[Collection entries]
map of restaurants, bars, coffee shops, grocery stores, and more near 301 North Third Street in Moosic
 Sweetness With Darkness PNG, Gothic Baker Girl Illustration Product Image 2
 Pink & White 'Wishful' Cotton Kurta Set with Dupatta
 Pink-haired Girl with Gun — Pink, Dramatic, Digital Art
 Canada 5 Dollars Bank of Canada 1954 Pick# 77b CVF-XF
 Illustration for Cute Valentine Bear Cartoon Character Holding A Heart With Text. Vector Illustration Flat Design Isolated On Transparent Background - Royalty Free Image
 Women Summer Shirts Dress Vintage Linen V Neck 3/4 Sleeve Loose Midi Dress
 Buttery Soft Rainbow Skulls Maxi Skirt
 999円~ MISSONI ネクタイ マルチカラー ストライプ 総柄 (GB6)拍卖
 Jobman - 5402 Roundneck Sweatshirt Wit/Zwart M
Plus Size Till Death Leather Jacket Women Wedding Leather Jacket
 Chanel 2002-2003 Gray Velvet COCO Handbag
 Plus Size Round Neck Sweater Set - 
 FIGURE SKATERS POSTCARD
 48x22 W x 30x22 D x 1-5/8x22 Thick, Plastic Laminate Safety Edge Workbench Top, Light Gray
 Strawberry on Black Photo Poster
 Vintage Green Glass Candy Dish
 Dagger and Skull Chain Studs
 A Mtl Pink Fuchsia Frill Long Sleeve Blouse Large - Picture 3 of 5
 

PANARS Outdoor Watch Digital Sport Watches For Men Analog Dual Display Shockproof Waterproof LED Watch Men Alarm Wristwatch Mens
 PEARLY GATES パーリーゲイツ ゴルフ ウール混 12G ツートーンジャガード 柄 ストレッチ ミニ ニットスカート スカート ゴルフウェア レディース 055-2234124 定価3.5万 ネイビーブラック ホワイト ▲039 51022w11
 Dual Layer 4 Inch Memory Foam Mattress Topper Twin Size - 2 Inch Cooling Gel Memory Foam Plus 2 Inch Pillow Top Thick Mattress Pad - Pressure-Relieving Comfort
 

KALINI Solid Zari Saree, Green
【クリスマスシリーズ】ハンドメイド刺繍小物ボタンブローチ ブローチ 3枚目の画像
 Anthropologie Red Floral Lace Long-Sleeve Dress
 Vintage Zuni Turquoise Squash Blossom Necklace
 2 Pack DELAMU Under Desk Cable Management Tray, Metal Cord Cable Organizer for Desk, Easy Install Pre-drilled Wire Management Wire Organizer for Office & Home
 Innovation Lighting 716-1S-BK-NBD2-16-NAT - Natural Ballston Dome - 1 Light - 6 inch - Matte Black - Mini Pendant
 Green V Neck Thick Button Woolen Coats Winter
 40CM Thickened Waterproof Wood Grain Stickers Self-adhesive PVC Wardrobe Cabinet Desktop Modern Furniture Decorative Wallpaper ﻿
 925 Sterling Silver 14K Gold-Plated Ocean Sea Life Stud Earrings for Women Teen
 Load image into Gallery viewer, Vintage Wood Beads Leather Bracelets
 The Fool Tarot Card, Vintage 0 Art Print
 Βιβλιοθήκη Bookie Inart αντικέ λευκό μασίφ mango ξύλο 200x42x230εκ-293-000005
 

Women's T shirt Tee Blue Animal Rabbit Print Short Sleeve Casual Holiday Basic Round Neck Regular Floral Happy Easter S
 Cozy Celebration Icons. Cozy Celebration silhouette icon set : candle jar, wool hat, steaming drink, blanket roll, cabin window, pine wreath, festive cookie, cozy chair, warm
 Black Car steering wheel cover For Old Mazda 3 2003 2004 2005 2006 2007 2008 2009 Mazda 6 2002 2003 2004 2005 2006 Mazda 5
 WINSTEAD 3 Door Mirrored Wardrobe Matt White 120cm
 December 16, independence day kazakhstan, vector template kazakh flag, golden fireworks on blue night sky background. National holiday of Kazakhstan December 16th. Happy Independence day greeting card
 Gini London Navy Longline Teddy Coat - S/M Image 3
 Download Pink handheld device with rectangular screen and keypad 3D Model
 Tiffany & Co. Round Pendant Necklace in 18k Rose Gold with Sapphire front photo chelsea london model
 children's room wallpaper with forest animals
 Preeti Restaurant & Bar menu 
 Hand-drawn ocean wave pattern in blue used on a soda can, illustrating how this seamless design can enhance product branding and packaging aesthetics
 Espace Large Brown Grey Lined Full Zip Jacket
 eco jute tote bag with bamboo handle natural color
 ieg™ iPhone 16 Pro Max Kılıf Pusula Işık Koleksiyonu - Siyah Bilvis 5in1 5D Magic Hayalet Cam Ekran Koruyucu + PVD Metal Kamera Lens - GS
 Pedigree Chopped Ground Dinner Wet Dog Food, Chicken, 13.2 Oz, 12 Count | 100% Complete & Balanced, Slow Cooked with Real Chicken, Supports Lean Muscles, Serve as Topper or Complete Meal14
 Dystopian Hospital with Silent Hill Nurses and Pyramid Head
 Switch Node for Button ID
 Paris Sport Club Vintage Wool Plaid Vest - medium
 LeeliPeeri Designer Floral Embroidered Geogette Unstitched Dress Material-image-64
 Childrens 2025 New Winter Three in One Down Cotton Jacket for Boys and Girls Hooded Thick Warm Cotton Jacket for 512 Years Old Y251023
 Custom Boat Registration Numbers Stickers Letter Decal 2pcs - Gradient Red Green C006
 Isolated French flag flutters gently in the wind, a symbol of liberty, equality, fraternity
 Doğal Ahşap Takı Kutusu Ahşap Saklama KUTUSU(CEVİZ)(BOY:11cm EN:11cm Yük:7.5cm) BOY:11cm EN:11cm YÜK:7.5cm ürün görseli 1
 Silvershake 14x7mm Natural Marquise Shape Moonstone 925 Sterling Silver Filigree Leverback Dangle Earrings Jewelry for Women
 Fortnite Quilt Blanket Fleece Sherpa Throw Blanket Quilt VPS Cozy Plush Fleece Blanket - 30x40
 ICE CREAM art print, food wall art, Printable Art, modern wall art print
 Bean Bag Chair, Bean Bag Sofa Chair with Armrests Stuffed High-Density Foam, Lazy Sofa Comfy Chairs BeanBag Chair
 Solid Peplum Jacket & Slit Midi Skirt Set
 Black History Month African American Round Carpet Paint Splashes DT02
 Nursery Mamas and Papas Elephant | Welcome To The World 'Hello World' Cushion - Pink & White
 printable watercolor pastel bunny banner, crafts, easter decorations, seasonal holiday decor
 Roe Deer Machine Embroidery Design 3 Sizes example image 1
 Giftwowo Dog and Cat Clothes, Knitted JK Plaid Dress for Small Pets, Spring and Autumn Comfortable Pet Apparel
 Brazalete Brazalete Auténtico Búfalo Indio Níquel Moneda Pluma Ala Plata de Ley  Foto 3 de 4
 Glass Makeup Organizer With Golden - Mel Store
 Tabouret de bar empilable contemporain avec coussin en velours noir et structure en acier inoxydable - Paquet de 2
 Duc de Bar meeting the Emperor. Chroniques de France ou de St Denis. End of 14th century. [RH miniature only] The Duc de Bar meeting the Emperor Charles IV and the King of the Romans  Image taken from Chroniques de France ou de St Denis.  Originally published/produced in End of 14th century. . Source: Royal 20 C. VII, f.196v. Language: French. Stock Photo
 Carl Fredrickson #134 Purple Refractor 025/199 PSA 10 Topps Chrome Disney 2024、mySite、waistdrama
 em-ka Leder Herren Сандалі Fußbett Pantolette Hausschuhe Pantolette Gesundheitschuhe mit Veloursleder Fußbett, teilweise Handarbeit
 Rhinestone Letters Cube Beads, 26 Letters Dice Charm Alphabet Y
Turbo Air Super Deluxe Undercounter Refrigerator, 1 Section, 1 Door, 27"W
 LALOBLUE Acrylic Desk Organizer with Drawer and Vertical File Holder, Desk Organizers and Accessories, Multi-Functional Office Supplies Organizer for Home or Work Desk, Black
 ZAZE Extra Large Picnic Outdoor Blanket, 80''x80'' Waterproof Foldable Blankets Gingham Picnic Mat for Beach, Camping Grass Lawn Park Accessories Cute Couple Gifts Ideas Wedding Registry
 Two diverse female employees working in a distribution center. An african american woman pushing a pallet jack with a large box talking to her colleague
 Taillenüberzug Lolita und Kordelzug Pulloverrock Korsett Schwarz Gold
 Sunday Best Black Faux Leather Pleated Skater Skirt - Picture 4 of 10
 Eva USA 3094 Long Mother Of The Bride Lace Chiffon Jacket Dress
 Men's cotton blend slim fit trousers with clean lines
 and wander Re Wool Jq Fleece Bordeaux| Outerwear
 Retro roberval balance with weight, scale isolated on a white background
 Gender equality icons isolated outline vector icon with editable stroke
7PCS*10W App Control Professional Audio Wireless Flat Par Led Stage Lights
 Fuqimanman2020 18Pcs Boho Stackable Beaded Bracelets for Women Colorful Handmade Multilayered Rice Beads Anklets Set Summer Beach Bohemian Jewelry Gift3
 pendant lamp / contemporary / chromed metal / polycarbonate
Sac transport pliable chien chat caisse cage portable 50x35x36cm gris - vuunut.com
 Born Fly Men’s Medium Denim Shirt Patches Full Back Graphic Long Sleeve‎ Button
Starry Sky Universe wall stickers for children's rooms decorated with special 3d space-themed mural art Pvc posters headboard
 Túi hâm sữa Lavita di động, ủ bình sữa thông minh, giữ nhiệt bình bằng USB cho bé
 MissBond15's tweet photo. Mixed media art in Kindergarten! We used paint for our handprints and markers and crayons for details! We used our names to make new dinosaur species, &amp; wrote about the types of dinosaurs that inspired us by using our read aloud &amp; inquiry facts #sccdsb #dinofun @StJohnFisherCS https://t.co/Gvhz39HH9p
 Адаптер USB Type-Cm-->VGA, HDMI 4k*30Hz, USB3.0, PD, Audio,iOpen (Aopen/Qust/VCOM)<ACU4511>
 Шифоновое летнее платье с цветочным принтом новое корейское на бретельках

To do =
Take the stretch of lines above from the one containing "Sweetness With Darkness" through the one containing "Vintage Zuni Turquoise" and repeat it exactly, adding no other line.

Solution =
 Sweetness With Darkness PNG, Gothic Baker Girl Illustration Product Image 2
 Pink & White 'Wishful' Cotton Kurta Set with Dupatta
 Pink-haired Girl with Gun — Pink, Dramatic, Digital Art
 Canada 5 Dollars Bank of Canada 1954 Pick# 77b CVF-XF
 Illustration for Cute Valentine Bear Cartoon Character Holding A Heart With Text. Vector Illustration Flat Design Isolated On Transparent Background - Royalty Free Image
 Women Summer Shirts Dress Vintage Linen V Neck 3/4 Sleeve Loose Midi Dress
 Buttery Soft Rainbow Skulls Maxi Skirt
 999円~ MISSONI ネクタイ マルチカラー ストライプ 総柄 (GB6)拍卖
 Jobman - 5402 Roundneck Sweatshirt Wit/Zwart M
Plus Size Till Death Leather Jacket Women Wedding Leather Jacket
 Chanel 2002-2003 Gray Velvet COCO Handbag
 Plus Size Round Neck Sweater Set - 
 FIGURE SKATERS POSTCARD
 48x22 W x 30x22 D x 1-5/8x22 Thick, Plastic Laminate Safety Edge Workbench Top, Light Gray
 Strawberry on Black Photo Poster
 Vintage Green Glass Candy Dish
 Dagger and Skull Chain Studs
 A Mtl Pink Fuchsia Frill Long Sleeve Blouse Large - Picture 3 of 5
 

PANARS Outdoor Watch Digital Sport Watches For Men Analog Dual Display Shockproof Waterproof LED Watch Men Alarm Wristwatch Mens
 PEARLY GATES パーリーゲイツ ゴルフ ウール混 12G ツートーンジャガード 柄 ストレッチ ミニ ニットスカート スカート ゴルフウェア レディース 055-2234124 定価3.5万 ネイビーブラック ホワイト ▲039 51022w11
 Dual Layer 4 Inch Memory Foam Mattress Topper Twin Size - 2 Inch Cooling Gel Memory Foam Plus 2 Inch Pillow Top Thick Mattress Pad - Pressure-Relieving Comfort
 

KALINI Solid Zari Saree, Green
【クリスマスシリーズ】ハンドメイド刺繍小物ボタンブローチ ブローチ 3枚目の画像
 Anthropologie Red Floral Lace Long-Sleeve Dress
 Vintage Zuni Turquoise Squash Blossom Necklace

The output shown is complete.